▶ **COLLECTED DATA**:
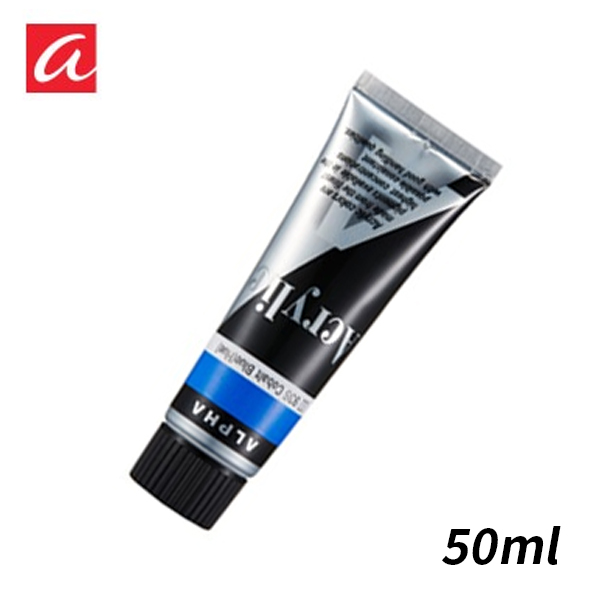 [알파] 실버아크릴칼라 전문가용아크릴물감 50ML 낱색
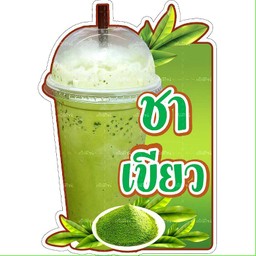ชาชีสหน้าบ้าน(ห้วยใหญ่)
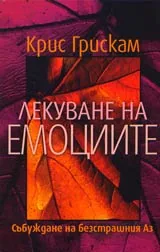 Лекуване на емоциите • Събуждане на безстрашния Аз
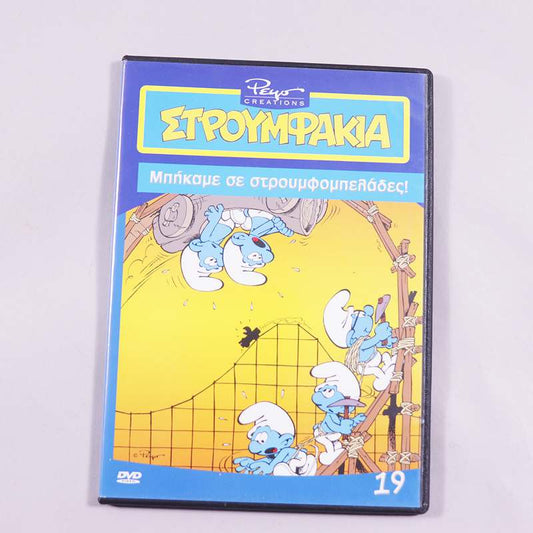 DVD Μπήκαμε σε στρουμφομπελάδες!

▶ **INSTRUCTIONS FOR THE TASK**:
Please reproduce the lines exactly from the one containing "Лекуване на емоциите" through the last line of the data above, and keep the pictures out.

▶ **SOLVED EXERCISE**:
 Лекуване на емоциите • Събуждане на безстрашния Аз
 DVD Μπήκαμε σε στρουμφομπελάδες!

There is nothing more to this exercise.